> [Stored items]
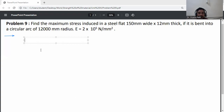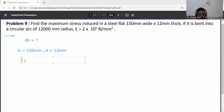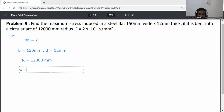First of all, write down the given data. We need to find out the bending stress, sigma B. Size of steel flat: width b is equal to 150 mm, thickness d is equal to 12 mm. Circular arc radius R is equal to 12,000 mm. Modulus of elasticity E is equal to 2 into 10 raised to the power 5 Newton per mm squared.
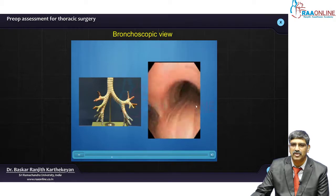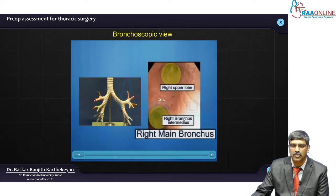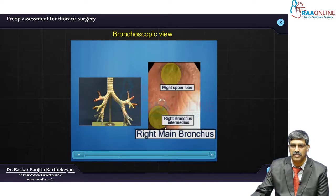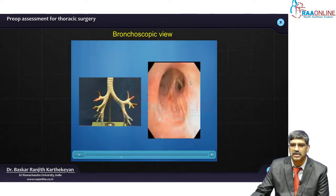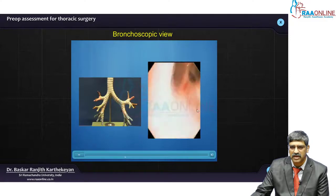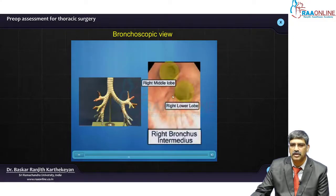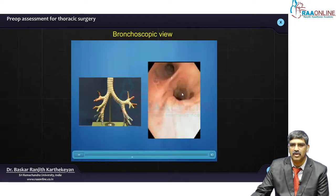As you enter into the right main stem bronchus, here you can see 2 divisions happening: the right upper lobe and the bronchus intermedius. The right upper lobe is the difficult part to ventilate — here you can see 3 sub-segments. And in the bronchus intermedius, you can see the middle and the lower lobe.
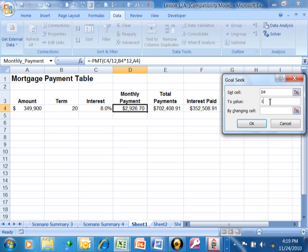And then to value, $1,500 is what I want D4 to be. By changing what cell? In this case, by changing A4.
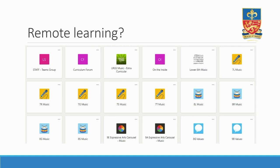Remote learning for us looks like this: a whole school approach on Teams has proved to be an interesting contrast to our regular use of Showbie. In fact, many of the departments across school are hoping to continue using Teams or other methods of remote learning, even after things return to normal.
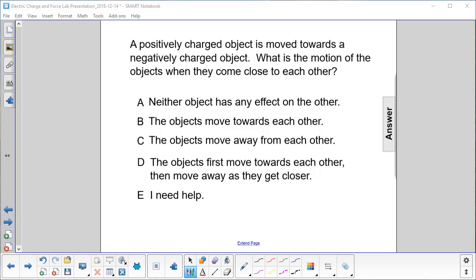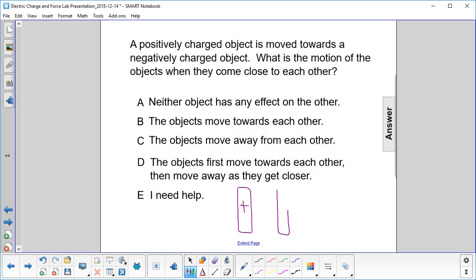A positively charged object is moved towards a negatively charged object. What is the motion of the objects when they come close to each other? Let's make a little drawing here. Here's a positively charged object, and here's a negatively charged object.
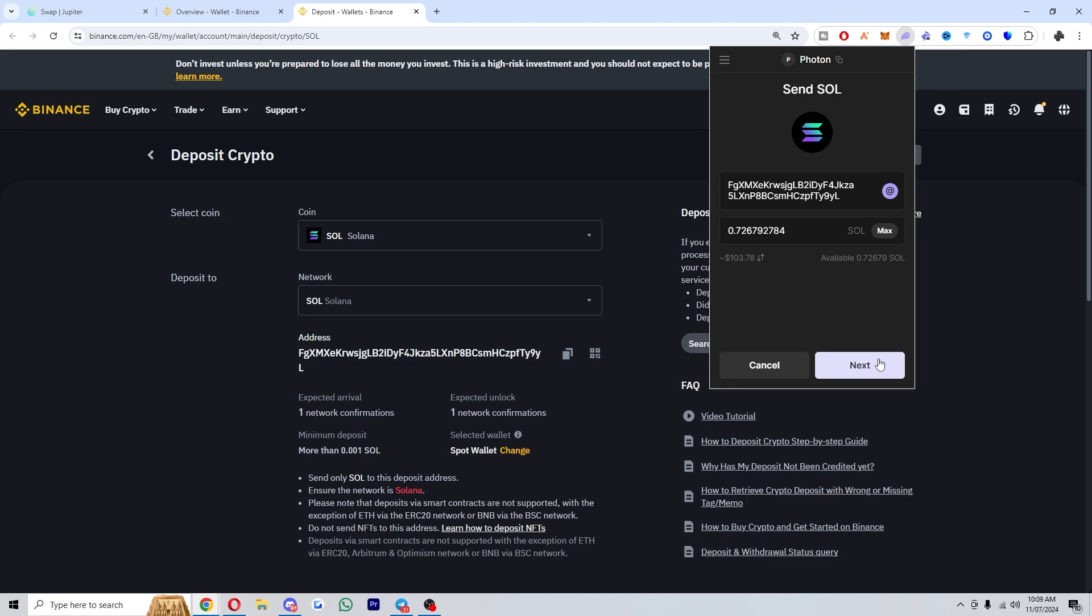Once you've done that, you will have successfully withdrawn your money from Phantom wallet. So I hope you found this video helpful and thanks for watching.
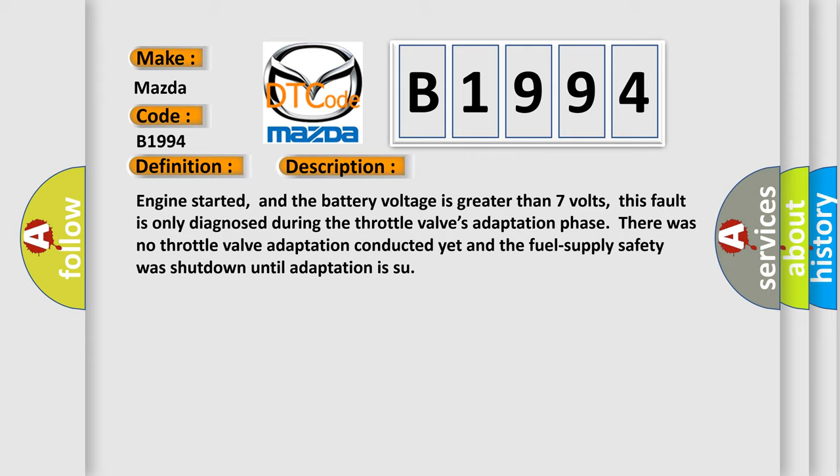Engine started, and the battery voltage is greater than 7 volts. This fault is only diagnosed during the throttle valve's adaptation phase. There was no throttle valve adaptation conducted yet and the fuel supply safety was shut down until adaptation is complete.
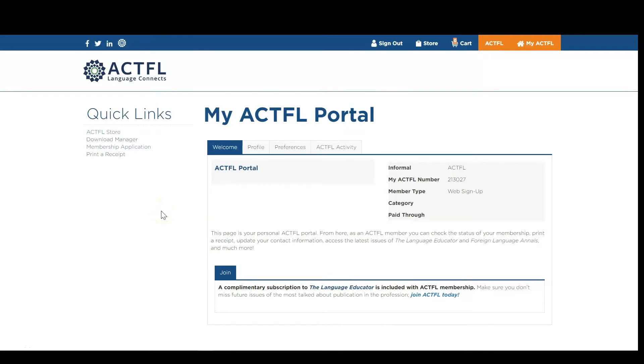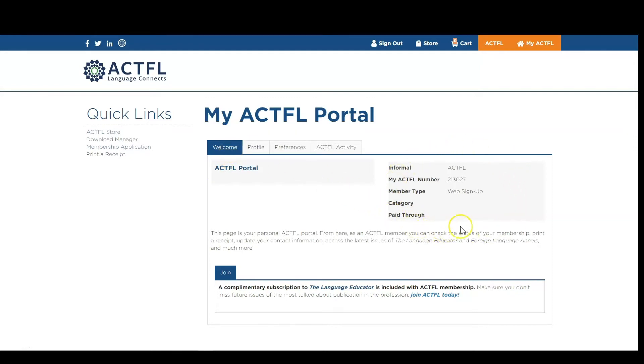Once you're logged in to your account, you will see your ACFL portal. Under the Welcome tab, you will see your name, your ACFL number, your account type, and if you are a member, you will see your membership category and membership term.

> [Task]
Write out the entries again word for word. Do not include the pictures.

> [Response]
First of all, write down the given data. We need to find out the bending stress, sigma B. Size of steel flat: width b is equal to 150 mm, thickness d is equal to 12 mm. Circular arc radius R is equal to 12,000 mm. Modulus of elasticity E is equal to 2 into 10 raised to the power 5 Newton per mm squared.
As you enter into the right main stem bronchus, here you can see 2 divisions happening: the right upper lobe and the bronchus intermedius. The right upper lobe is the difficult part to ventilate — here you can see 3 sub-segments. And in the bronchus intermedius, you can see the middle and the lower lobe.
And then to value, $1,500 is what I want D4 to be. By changing what cell? In this case, by changing A4.
Remote learning for us looks like this: a whole school approach on Teams has proved to be an interesting contrast to our regular use of Showbie. In fact, many of the departments across school are hoping to continue using Teams or other methods of remote learning, even after things return to normal.
A positively charged object is moved towards a negatively charged object. What is the motion of the objects when they come close to each other? Let's make a little drawing here. Here's a positively charged object, and here's a negatively charged object.
Once you've done that, you will have successfully withdrawn your money from Phantom wallet. So I hope you found this video helpful and thanks for watching.
Engine started, and the battery voltage is greater than 7 volts. This fault is only diagnosed during the throttle valve's adaptation phase. There was no throttle valve adaptation conducted yet and the fuel supply safety was shut down until adaptation is complete.
Once you're logged in to your account, you will see your ACFL portal. Under the Welcome tab, you will see your name, your ACFL number, your account type, and if you are a member, you will see your membership category and membership term.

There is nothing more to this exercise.